The real problem is that we don’t know whose high heels those are, and not only is he overplaying the diminished impact of that purported “red tsunami,” but it could be viewed as saying that, in gaining control of the House, the Republicans have dropped the hammer on women in general.

Good cartoons shouldn’t need labels, but this cartoon did.

 

Meanwhile, Pat Bagley picks up on a shift in rhetoric between the campaign and current plans. One criticism of the GOP was that, for all their insistence that Biden and the Democrats were responsible for crime, inflation, fentanyl and the price of gas, they never explained what they would do about it if they gained power.

So far, in part because the aforementioned Freedom Caucus holds them hostage, they haven’t come up with much more than a promise to investigate Hunter Biden’s laptop and other purported misdeeds they can link to Joe Biden.

 

But who needs substantive policy initiatives? As Jeremy Banx notes, the public has a stunning ability to cling to simple promises, even when they not only fail to address obvious problems but are the cause of those issues.

But, hey, vox populi, vox deo, y’know?

Maybe. But, as it happens, I was looking for something else yesterday and happened on a column I wrote in 1994, which included this passage, which I wish had not aged quite so well:

 

There was no red tsunami, and, while Dave Granlund seems to think loss of the House signals a serious problem, let’s just see how the lame duck session goes and then carry on from there.

 

13 thoughts on “CSotD: Don’t Panic (yet)

  1. So I set up a Mastodon account last night (@BergeToons@mastodon.lol for those who might be interested).
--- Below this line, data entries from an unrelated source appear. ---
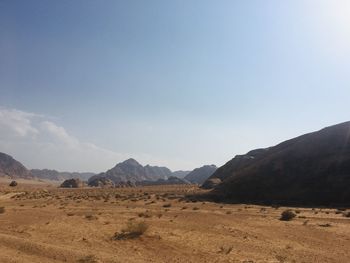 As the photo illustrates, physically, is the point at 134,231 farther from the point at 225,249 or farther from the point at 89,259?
the point at 89,259

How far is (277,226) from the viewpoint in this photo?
2506 cm

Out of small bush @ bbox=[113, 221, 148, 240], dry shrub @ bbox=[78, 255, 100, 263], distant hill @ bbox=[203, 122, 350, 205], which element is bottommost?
dry shrub @ bbox=[78, 255, 100, 263]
This morning, the antivirus program on my PC is blocking mastodon.lol on the grounds that it’s a “risky connection.”

    Welcome to the new normal, brought to you by a guy who says his name is now pronounce “EYE-gor.”

  2. The Varvel use of the hammer imagery just seems too mean spirited, to soon. Pelosi is certainly fair game, and invoke some wicked witch of the west vibes and drop a house on her, totally fine. But a hammer?

  3. So the parties are pretty much switching houses.
    It has to occure to someone that, as you need both houses to pass a bill, passing a bill in the house you will lose means that (with timing) you can pass it in the house you will win, and pass the bill whole, without reconcillation.

  4. Bills don’t survive the adjournment of Congress. A bill must pass both chambers of the same Congress.

  5. “Registration at Mastodon has closed, I was told when I tried to open an account.”

    All of Mastodon, or one particular server? I’m pretty sure that Mastodon.social has stopped accepting new accounts.

    Mastodon has a distributed network with people providing servers with various interests. All of them can access the broader Mastodon network.